Un cartoon racconta la crisi di nervi degli Usa


Un ragazzino dice: «Se qualcuno vince, qualcun altro perde». Si apre con questa frase, seguita da un’esecuzione dell’Ave Maria di Schubert, Win or Lose ovvero la nuova serie animata al computer da otto puntate prodotta dai geniacci della Pixar, in programma su Disney Plus. Siamo in una cittadina americana dove la squadra giovanile di softball denominata Pickels sta per affrontare le finali del torneo nazionale. Come spesso capita agli autori di capolavori come Toy Story (1995), Up (2009) o Inside Out (2015), l’approccio al cartone animato è adulto e inusuale.
I creatori e registi Carrie Hobson e Michael Yates raccontano peripezie di una squadra di softball concentrandosi su tematiche come ansia da competizione, senso di inadeguatezza e pressione sociale. In più i protagonisti di ogni episodio sono vittime di allucinazioni venendo rappresentati dai registi come prigionieri delle loro fantasie spesso autolesioniste. Abbiamo davanti agli occhi gli Stati Uniti sull’orlo di una crisi di nervi, sia tra i maggiorenni che tra i minorenni. Sono usciti solo i primi due atti dell’opera ma sia la prima puntata su Laurie, figlia dell’allenatore dei Pickels, che la seconda su Frank Brown, arbitro del torneo e insegnante nel liceo locale, sono emblematiche circa le intenzioni. Laurie se ne va in giro con una perlina di sudore violacea come amico immaginario, simbolo del suo complesso di inferiorità perché incapace nello sport e pertanto convinta di non essere stimata soprattutto dal papà coach. Il solitario Frank viene visualizzato da Hobson e Yates come un quarantenne compresso dentro un’armatura da cavaliere medievale perché rassegnato a incassare solo mazzate da chiunque, specie da un genere femminile dal quale si sente puntualmente respinto.Ovvio che ci siano anche momenti divertenti (le evoluzioni di Laurie e Frank sul campo da softball durante le partite sono comiche e adrenaliniche) ma ciò che colpisce di Win or Lose è la complessa struttura polifonica (ogni episodio si concentra su un personaggio diverso) e la concentrazione Pixar nel descrivere problemi psicologici piuttosto che dedicarsi a soluzioni ridanciane o scacciapensieri.
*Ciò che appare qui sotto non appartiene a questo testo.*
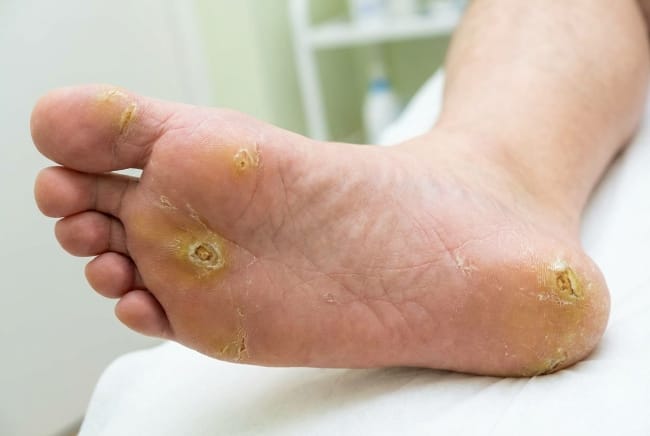 Mata Ikan di Telapak Kaki, Inilah Penyebab dan Cara Mengatasinya - Alodokter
Che bravi. Anche perché questa è la loro prima serie completamente indipendente rispetto alla sfilza di loro lungometraggi capolavori che tutti conosciamo.
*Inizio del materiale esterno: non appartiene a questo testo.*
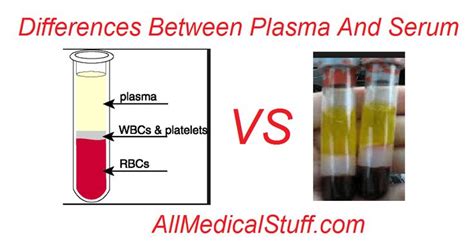 Differences Between Plasma And Serum Plasma Serum Medical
Non è mai insicuro anzi appare sempre indistruttibile sia fisicamente che mentalmente l’ex Maggiore della Polizia Militare Usa Jack Reacher, anche se lui preferisce essere interpellato solo via cognome. Il personaggio inventato su carta da Lee Child, star di 29 romanzi e 12 racconti, guida la terza stagione di Reacher, scritta e ideata da Nick Santora, su Prime Video. Lo interpreta il biondo e massiccio Alan Ritchson, laddove Tom Cruise vestì i panni di questo giustiziere privato in due film nel 2012 e 2016. Questa nuova stagione si apre con Reacher che prova a vendere senza successo il famigerato vinile delle canzoni da discoteca della veterana del musical Ethel Merman in una cittadina collegiale del New England. Che ci fa lì? Entrerà in contatto con l’Fbi per indagare i loschi traffici di un supposto venditore internazionale di tappeti interpretato dall’ex enfant prodige degli anni ’80 Anthony Michael Hall, desiderato da Stanley Kubrick per il ruolo del soldato Joker in Full Metal Jacket (1987). Questo show tv sta piacendo più dei film con Cruise. Perché? Ritchson somiglia di più al personaggio inventato da Child, soprattutto nel suo aspetto minaccioso e da troglodita palestrato che in realtà nasconde nobiltà d’animo e quoziente intellettivo oltre la media.